Серёжа кивает Олегу в ответ на его монолог, и в его груди разливается патокой приятное чувство защищённости и поддержки. Он не помнит, когда в последний раз чувствовал себя так спокойно и комфортно – он наконец рассказал свою страшную тайну Волкову, а тот не только не передумал с ним дружить, но и поддержал. Благодарность переполняет Разумовского, а слов не находится, чтобы выразить её достоверно, поэтому он вплотную прижимается к Олегу, обвивает его тело руками, а лицом утыкается в его шею. Олег смыкает свои руки на спине друга в ответ, поглаживает круговыми движениями, утыкается носом в рыжую макушку. Они сидят так несколько минут, пока Серый не отрывает свою голову, чтобы посмотреть другу в глаза и произнести от чистого сердца:
- Волче, спасибо тебе за всё, правда. Я не знаю, как я смогу тебе отплатить за всю твою доброту и дружбу, за всё, что ты для меня делаешь. Ты не представляешь себе, как сильно я тебя люблю.

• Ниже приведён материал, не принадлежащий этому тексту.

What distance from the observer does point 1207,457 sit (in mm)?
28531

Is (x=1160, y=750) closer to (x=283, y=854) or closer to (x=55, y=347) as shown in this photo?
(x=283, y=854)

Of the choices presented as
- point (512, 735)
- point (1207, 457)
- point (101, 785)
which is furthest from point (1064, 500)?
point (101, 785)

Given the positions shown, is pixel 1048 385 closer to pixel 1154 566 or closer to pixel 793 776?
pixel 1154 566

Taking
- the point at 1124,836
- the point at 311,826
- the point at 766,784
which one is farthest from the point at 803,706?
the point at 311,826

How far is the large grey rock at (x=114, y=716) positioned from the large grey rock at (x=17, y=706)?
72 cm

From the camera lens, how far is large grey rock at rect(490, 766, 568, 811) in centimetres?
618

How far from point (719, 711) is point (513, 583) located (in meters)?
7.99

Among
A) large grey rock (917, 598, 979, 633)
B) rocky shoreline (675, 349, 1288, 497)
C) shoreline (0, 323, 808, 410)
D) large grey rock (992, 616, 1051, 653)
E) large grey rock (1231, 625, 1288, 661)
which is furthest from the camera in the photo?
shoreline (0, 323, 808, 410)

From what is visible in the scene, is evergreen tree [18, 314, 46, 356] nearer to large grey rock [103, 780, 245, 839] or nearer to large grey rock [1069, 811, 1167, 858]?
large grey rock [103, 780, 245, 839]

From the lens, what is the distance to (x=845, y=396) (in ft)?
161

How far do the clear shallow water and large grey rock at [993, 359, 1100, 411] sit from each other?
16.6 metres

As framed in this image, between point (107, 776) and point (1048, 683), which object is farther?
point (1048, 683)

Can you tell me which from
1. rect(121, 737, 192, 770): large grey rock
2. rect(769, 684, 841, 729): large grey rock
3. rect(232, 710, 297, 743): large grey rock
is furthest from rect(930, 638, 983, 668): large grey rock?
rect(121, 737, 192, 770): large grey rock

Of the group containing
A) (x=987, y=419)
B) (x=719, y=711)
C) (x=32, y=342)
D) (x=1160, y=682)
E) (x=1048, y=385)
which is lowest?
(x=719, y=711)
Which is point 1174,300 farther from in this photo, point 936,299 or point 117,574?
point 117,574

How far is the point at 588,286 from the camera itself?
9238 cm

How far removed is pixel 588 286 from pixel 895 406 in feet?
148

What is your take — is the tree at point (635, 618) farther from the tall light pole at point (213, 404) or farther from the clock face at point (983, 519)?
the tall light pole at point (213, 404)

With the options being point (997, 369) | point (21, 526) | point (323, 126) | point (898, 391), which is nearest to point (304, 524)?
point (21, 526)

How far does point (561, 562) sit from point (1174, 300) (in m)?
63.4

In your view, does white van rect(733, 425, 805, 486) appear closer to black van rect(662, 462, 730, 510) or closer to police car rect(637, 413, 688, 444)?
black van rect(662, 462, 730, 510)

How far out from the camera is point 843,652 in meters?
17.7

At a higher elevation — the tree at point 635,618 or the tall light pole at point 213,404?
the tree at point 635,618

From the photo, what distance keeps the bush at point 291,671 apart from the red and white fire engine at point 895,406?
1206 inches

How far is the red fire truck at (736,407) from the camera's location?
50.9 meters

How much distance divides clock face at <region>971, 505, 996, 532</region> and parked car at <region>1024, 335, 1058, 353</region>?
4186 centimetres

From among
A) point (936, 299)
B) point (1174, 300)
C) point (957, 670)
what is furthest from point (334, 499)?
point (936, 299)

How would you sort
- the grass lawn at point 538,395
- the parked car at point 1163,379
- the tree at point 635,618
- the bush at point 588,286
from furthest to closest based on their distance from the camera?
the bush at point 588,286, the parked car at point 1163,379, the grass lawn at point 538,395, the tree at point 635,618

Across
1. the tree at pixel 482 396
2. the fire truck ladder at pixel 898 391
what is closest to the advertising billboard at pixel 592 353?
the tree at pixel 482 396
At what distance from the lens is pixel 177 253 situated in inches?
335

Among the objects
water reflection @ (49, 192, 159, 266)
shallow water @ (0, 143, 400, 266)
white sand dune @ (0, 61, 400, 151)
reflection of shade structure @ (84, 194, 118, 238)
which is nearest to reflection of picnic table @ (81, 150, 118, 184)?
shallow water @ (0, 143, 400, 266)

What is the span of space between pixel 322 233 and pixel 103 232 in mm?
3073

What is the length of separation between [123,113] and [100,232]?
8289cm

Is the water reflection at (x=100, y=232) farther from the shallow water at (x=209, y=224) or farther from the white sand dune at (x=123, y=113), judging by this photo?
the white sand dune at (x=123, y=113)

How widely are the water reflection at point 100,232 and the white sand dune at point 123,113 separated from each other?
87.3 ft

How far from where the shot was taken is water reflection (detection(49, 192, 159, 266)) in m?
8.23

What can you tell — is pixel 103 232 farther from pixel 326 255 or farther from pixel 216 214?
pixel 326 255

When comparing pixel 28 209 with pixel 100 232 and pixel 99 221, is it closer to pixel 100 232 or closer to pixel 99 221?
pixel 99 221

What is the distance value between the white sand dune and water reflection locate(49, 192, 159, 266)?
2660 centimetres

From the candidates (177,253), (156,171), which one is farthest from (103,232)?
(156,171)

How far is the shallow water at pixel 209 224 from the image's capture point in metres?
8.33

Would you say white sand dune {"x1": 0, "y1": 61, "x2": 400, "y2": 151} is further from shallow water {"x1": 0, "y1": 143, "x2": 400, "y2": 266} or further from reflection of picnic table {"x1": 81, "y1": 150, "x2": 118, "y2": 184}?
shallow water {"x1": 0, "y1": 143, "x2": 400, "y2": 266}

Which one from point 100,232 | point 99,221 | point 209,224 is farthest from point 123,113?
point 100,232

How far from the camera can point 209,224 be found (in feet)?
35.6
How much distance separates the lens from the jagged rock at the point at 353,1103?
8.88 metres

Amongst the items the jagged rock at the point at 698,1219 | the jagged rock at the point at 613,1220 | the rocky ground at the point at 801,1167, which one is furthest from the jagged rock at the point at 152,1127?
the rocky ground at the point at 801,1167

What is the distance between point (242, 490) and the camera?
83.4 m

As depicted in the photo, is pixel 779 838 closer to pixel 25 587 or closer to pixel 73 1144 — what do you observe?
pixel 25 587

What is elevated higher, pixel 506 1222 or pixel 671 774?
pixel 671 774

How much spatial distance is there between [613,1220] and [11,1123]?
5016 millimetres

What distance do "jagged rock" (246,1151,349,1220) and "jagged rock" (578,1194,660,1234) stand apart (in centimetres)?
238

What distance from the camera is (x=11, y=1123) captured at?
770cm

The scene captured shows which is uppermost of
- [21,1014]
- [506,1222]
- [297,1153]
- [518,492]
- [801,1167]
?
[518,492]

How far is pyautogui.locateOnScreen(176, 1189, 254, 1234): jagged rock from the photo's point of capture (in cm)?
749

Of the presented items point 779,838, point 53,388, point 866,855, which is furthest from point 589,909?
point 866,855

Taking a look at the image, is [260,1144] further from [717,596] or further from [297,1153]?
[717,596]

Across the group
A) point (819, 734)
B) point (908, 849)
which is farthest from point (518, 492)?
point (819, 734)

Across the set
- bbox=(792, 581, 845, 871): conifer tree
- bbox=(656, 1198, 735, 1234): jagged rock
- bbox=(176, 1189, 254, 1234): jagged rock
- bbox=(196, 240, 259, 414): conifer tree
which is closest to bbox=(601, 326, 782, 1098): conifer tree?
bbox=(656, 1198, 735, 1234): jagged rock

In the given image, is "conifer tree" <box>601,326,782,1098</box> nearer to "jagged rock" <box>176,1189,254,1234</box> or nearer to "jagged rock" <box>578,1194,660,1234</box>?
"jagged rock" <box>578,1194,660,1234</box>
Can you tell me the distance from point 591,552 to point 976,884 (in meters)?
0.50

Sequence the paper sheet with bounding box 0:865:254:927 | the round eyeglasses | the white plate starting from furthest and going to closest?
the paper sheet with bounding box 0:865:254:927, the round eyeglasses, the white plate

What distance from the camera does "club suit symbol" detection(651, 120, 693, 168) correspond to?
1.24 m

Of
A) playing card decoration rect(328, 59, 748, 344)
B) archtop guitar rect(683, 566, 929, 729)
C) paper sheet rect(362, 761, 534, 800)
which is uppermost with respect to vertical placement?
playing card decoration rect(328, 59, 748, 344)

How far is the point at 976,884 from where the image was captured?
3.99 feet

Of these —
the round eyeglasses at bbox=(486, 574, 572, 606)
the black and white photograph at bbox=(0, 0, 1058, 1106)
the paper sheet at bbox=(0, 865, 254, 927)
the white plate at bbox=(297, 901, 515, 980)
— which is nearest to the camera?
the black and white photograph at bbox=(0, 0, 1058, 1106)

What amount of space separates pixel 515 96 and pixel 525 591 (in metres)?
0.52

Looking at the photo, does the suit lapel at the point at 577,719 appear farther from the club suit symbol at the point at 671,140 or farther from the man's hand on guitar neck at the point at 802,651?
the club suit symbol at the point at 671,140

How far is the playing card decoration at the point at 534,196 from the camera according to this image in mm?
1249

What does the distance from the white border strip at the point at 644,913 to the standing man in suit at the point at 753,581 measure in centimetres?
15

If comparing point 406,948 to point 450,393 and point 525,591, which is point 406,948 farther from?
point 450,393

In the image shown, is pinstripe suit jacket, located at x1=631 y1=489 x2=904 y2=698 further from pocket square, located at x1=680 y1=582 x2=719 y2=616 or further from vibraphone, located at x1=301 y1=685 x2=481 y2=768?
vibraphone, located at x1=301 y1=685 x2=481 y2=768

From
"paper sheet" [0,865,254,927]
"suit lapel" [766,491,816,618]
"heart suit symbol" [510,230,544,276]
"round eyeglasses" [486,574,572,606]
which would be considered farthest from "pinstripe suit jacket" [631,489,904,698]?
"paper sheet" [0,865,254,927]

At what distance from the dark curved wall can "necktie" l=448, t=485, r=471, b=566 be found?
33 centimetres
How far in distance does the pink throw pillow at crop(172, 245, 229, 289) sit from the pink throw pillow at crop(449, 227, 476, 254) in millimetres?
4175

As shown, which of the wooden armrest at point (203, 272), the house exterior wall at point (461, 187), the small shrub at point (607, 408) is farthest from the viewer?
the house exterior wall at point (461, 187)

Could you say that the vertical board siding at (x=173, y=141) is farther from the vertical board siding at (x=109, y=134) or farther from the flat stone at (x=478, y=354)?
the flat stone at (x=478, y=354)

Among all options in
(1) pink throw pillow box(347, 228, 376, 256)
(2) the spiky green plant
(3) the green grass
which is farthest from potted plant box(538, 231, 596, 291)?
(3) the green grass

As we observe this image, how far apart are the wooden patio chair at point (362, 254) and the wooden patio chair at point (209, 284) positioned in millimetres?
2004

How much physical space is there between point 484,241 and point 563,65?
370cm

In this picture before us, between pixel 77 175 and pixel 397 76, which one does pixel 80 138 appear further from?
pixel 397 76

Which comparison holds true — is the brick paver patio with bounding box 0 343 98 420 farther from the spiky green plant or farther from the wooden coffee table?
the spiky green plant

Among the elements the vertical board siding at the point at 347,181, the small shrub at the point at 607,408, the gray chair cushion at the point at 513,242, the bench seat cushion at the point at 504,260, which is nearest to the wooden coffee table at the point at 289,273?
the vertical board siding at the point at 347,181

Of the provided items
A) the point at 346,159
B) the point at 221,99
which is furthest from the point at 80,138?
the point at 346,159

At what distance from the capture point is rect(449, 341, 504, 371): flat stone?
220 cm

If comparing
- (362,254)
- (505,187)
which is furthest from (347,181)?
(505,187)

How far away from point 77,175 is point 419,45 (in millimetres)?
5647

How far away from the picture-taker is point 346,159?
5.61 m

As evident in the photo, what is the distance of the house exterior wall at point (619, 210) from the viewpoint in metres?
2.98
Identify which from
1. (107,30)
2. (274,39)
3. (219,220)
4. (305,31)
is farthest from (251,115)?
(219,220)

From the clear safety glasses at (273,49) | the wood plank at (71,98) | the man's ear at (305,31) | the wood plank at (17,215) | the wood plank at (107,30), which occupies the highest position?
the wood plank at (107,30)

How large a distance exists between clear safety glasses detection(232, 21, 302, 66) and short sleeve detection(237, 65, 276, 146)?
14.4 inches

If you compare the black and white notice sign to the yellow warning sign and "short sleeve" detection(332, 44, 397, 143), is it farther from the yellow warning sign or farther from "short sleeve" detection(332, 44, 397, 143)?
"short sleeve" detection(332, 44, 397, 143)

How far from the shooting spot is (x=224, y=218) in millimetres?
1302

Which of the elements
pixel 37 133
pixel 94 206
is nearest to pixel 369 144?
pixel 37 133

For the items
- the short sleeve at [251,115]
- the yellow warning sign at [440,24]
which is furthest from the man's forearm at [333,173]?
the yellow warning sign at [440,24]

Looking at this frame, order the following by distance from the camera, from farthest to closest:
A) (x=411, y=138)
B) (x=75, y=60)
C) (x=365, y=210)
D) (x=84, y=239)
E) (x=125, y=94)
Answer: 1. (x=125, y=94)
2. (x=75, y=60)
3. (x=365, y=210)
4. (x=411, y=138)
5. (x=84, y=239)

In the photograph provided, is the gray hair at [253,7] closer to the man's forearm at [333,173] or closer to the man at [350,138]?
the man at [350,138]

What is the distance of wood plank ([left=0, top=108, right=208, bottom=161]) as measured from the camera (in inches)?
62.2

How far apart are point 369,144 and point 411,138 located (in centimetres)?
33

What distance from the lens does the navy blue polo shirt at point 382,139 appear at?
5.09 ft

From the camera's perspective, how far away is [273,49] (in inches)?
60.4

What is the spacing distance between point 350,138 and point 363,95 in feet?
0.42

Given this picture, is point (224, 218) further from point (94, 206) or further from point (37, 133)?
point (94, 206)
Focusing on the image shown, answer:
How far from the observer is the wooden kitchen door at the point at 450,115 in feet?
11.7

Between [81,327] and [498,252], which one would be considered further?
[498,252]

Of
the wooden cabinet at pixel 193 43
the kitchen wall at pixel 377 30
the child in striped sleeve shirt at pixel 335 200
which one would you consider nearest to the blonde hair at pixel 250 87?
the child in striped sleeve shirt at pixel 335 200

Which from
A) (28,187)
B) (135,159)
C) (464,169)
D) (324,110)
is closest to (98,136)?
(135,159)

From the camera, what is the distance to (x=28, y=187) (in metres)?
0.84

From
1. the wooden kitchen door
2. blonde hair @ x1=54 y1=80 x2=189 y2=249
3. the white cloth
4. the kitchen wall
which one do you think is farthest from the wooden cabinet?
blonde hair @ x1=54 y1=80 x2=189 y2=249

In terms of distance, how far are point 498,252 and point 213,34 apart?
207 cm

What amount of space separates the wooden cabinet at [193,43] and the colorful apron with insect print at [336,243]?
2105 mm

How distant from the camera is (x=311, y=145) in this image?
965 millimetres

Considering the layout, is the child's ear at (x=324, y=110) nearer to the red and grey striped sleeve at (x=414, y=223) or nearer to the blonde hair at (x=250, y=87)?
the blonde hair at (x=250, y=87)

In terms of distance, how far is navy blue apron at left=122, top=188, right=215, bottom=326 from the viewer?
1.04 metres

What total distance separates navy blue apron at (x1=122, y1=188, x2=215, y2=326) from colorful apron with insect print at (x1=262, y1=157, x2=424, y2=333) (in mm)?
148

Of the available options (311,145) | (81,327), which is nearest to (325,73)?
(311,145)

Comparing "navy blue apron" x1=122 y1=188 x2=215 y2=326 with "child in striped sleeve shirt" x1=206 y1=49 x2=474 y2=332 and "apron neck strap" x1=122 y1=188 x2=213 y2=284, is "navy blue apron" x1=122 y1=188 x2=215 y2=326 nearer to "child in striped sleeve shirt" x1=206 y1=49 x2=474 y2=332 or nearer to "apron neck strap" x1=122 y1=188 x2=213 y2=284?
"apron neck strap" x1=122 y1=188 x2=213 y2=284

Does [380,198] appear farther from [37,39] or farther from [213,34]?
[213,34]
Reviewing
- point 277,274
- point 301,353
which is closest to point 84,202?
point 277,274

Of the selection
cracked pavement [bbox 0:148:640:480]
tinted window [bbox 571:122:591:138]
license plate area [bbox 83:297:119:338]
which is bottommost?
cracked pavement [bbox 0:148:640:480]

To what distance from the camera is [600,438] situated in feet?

Олега слова Серёжи смущают – ему очень приятно слышать и знать, что он для друга важен так же сильно, как тот важен ему, что Серый в нём нуждается и ценит. Одно дело понимать это в глубине души, но слышать подтверждение вживую волнительно, видеть искренность в бездонных голубых глазах напротив – не сравнится ни с чем по гамме вызываемых чувств. Его кончики ушей стремительно краснеют, а сердце совершает скачок, будто вот-вот вылетит из грудной клетки. Олег глупо улыбается, обнимает Серёжу ещё крепче и целует в висок, чувствуя себя безгранично счастливым.